Lamenting the passing of "the old neighborhood" -- that you willingly moved away from, because you could lead an easier and more materially abundant live elsewhere -- makes no more sense than people born in the big, empty rectangular States, living in California, and lamenting the on-going depopulation of said BERSs.
My father's people were Southern sharecroppers (well, following the Civil War and other "reversals," they were) ... and you will *never* catch me waxing nostalgic for the passing of that mode of (just barely) living.
My father, after coming North (essentially abandoning the land that he, even as a sharecropper, had managed to purchase at the age of 16), frequently worked two and even three jobs to support his family -- we were poor, and, contrary to the famous saying, we knew it -- and you will *never* catch me waxing nostalgic for the passing of that mode of (just barely) living.
Though, you might catch me lamenting the abandonment of the land, which, at the time, was nearly worthless, for it had never been logged. Still, he chose to feed us in preference to paying the taxes on the land, and for that I am grateful.
edit:
My hometown, South Bend, had those quaint ethnic "white working class neighborhood of the mid twentieth century" when my mother was growing up in the 1930s and 40s. And just as with black and Mexican neighborhoods today, the emphasis was on the 'ethnic' part of "ethnic neighborhood" ... a Pole wasn't safe in a Hungarian neighborhood, nor again either in an Irish neighborhood, and vice versa.
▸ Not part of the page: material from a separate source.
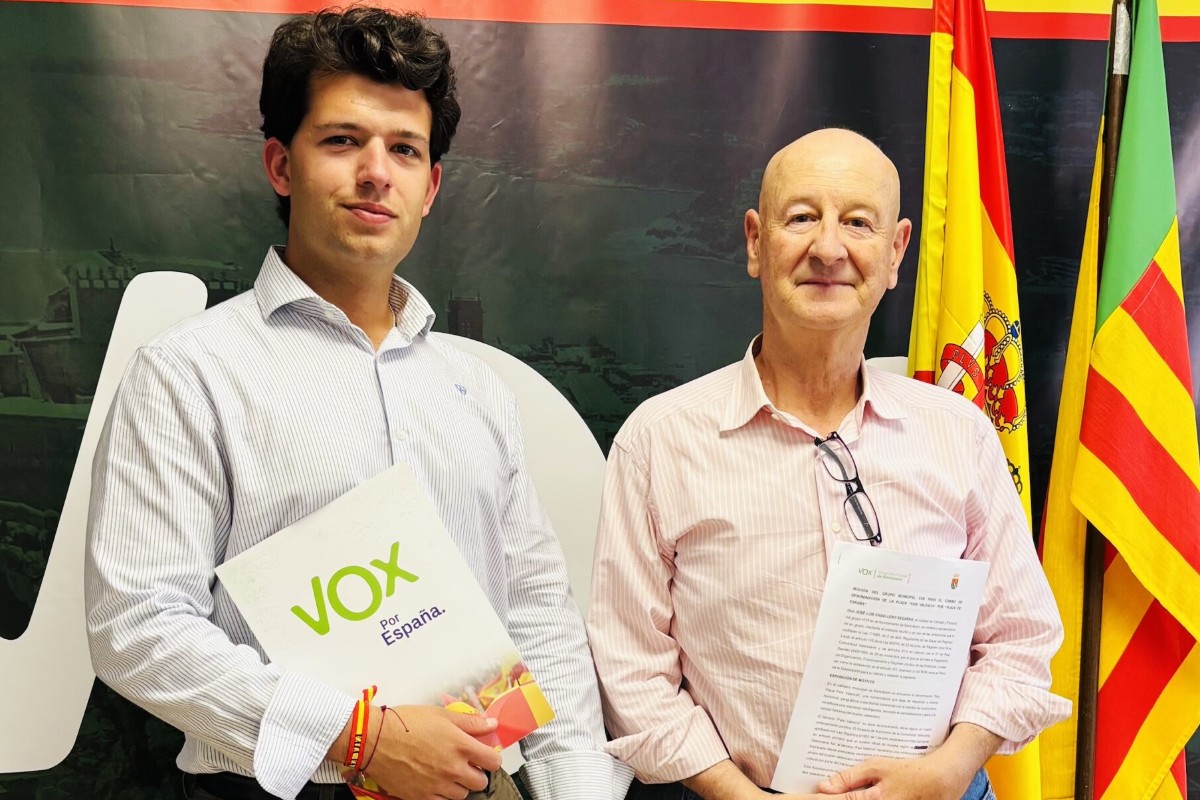 El PP se suma a la izquierda en Benicasim (Castellón) y rechaza la propuesta de VOX de eliminar el nombre de la plaza «País Valencià» y renombrarla como «Plaza de España»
The *reason* that South Bend (and no doubt other industrial cities with multiple non-British ethnic groups) had so many small Catholic parishes is that their ethnicity and old-world hatreds were more important to them than their claimed Christianity and common, if somewhat new, Americanness.
I say, thank God that the grandchildren of all those early 20th century ethnic immigrants abandoned "the old neighborhood" and became just regular old Americans.